* [DIRECTIONS]:
Pictures excluded, retype the lines from the one containing "MAPCO Filter-sæt 68554" through the last line of the data below, both included.
---------- RECORD EXTRACTS
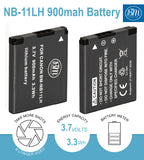 BM Premium NB-11LH Battery for Canon A2300, A2400, A2600, A3400, A4000, SX400, SX410, SX420, Elph 360 Cameras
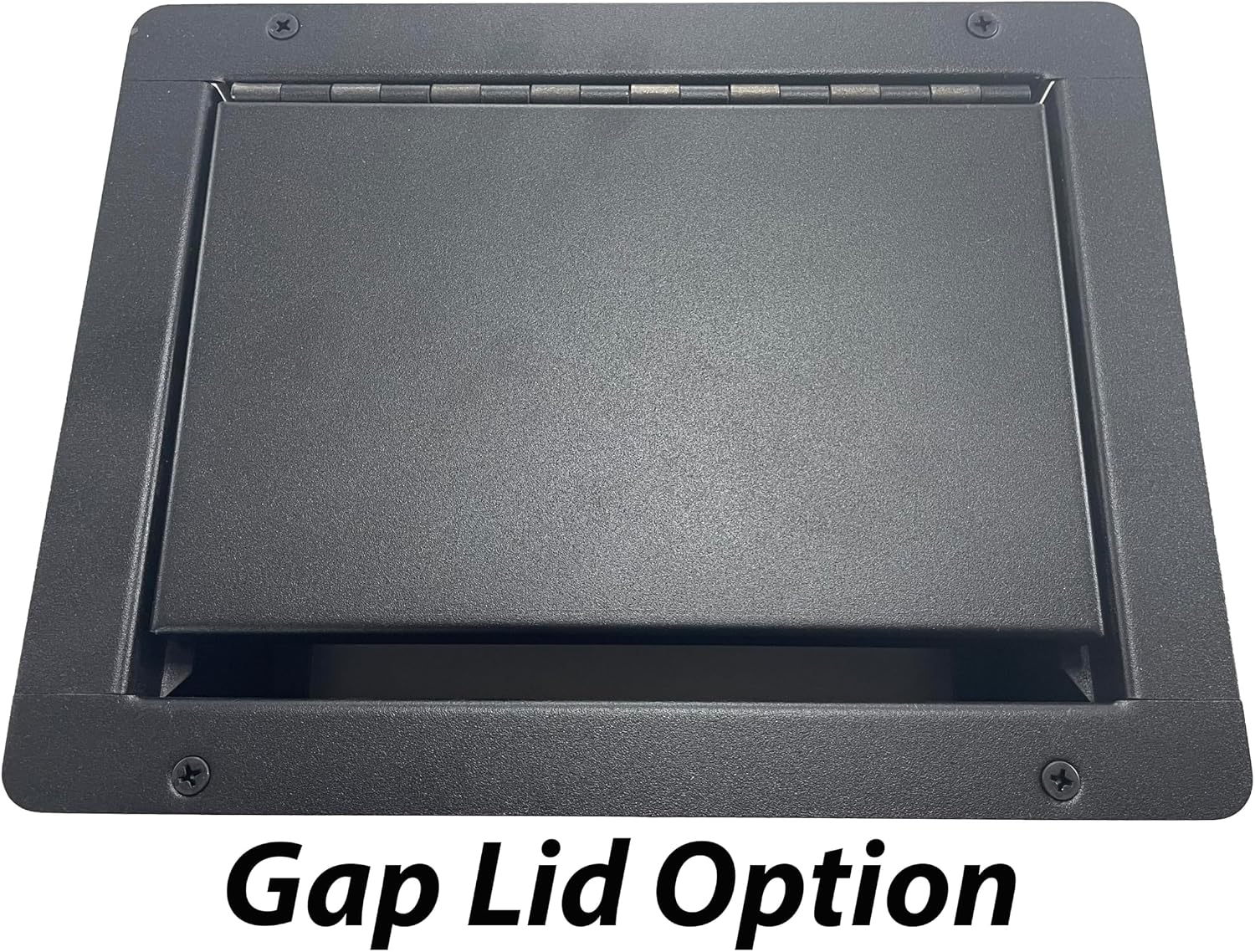 PROCRAFT FPPU/FGPU-Blank-BK-VAR recessed Floor Box/Stage Pocket w/Customizable Plate (Gap Lid)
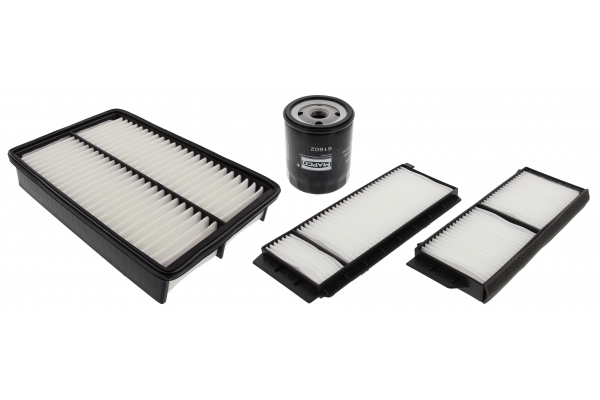 MAPCO Filter-sæt 68554 for FIAT FORD VOLVO CHRYSLER JAGUAR MAZDA PEUGEOT RENAULT TOYOTA LEXUS LAND ROVER BMW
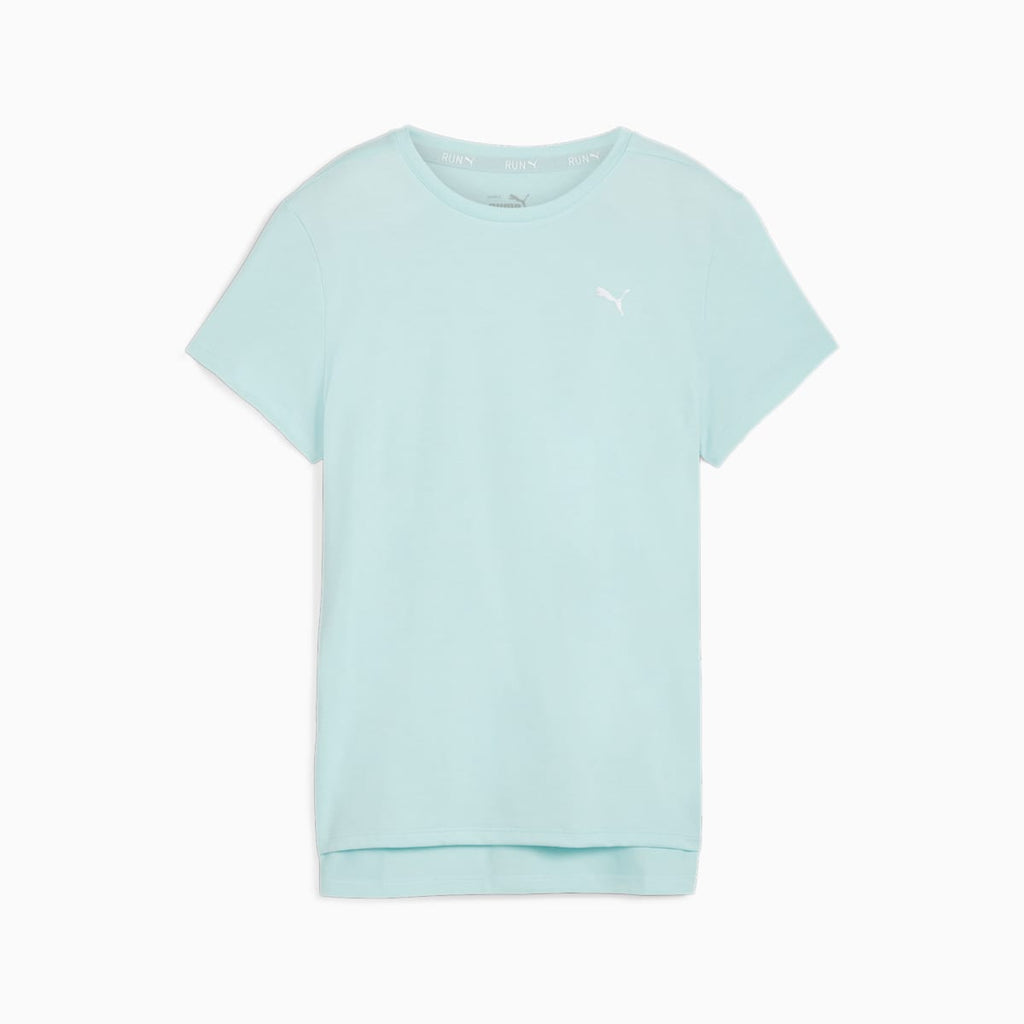 RUN FAVORITE Heather Short-Sleeve Tee Women - Nitro Blue front view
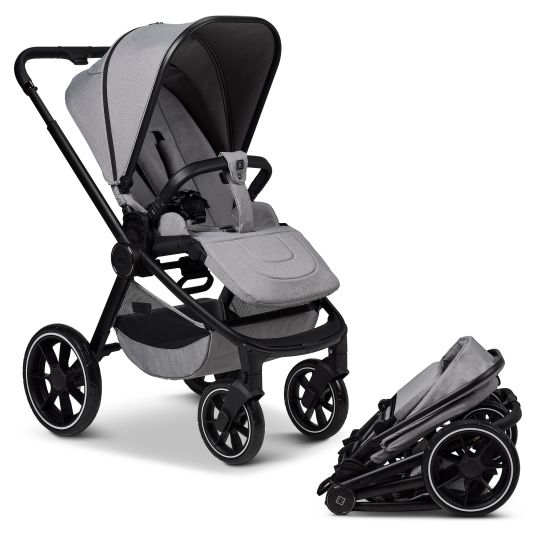 Moon Buggy & Sportwagen Sport bis 22 kg mit Liegeposition, umsetzbare Sitzeinheit und Teleskopschieber - Stone Melange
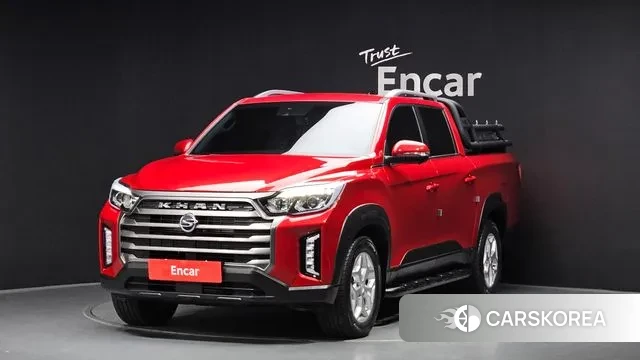 Ssangyong The New Rexton Sports Cannes 2021 Красный из Кореи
--------------------
* [RESULT OF THIS TASK]:
 MAPCO Filter-sæt 68554 for FIAT FORD VOLVO CHRYSLER JAGUAR MAZDA PEUGEOT RENAULT TOYOTA LEXUS LAND ROVER BMW
 RUN FAVORITE Heather Short-Sleeve Tee Women - Nitro Blue front view
 Moon Buggy & Sportwagen Sport bis 22 kg mit Liegeposition, umsetzbare Sitzeinheit und Teleskopschieber - Stone Melange
 Ssangyong The New Rexton Sports Cannes 2021 Красный из Кореи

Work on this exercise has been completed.